> Assigned task
With pictures excluded, retype exactly every line from the one containing "2022 Panini Donruss" to the end of the records below.

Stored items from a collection

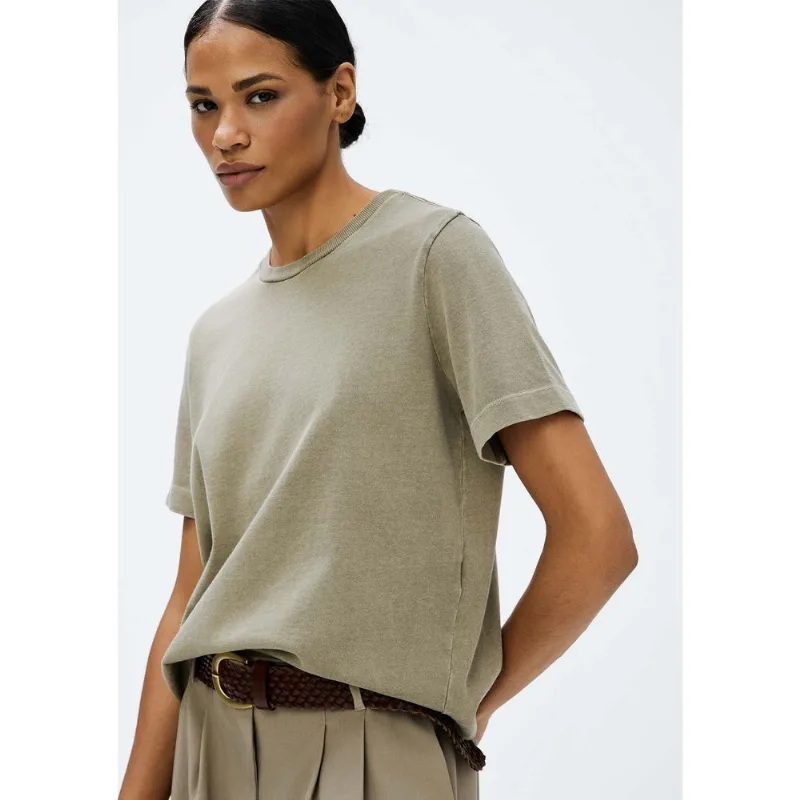 Blusa Feminina Manga Curta Em Malha Binada - Verde M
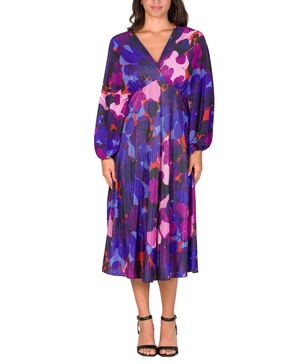 Women's Pleated V Neck Empire Waist Midi Dress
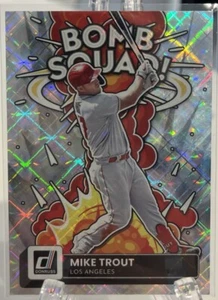 2022 Panini Donruss Mike Trout #BS-8 Bomb Squad Silver Diamond - Picture 1 of 2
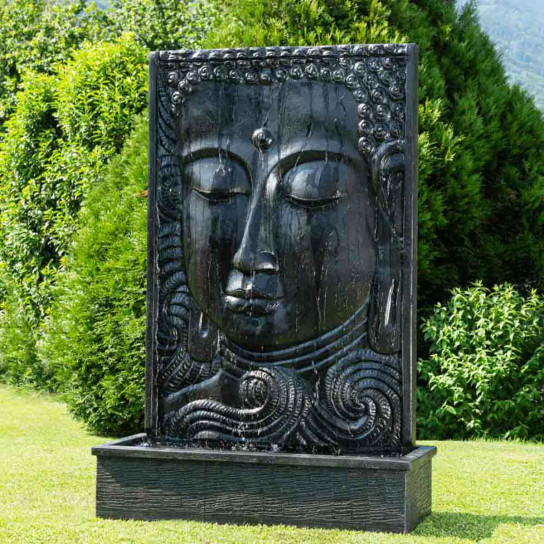 Grande fontaine de jardin mur d'eau visage de bouddha 2m 10 noir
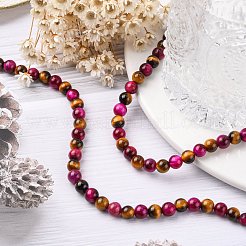 Natural Rose Tiger Eye(Dyed & Heated) and Yellow Tiger Eye(Dyed & Heated) Beads Strands&nbsp;G-G101-6mm-1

> Worked solution
 2022 Panini Donruss Mike Trout #BS-8 Bomb Squad Silver Diamond - Picture 1 of 2
 Grande fontaine de jardin mur d'eau visage de bouddha 2m 10 noir
 Natural Rose Tiger Eye(Dyed & Heated) and Yellow Tiger Eye(Dyed & Heated) Beads Strands&nbsp;G-G101-6mm-1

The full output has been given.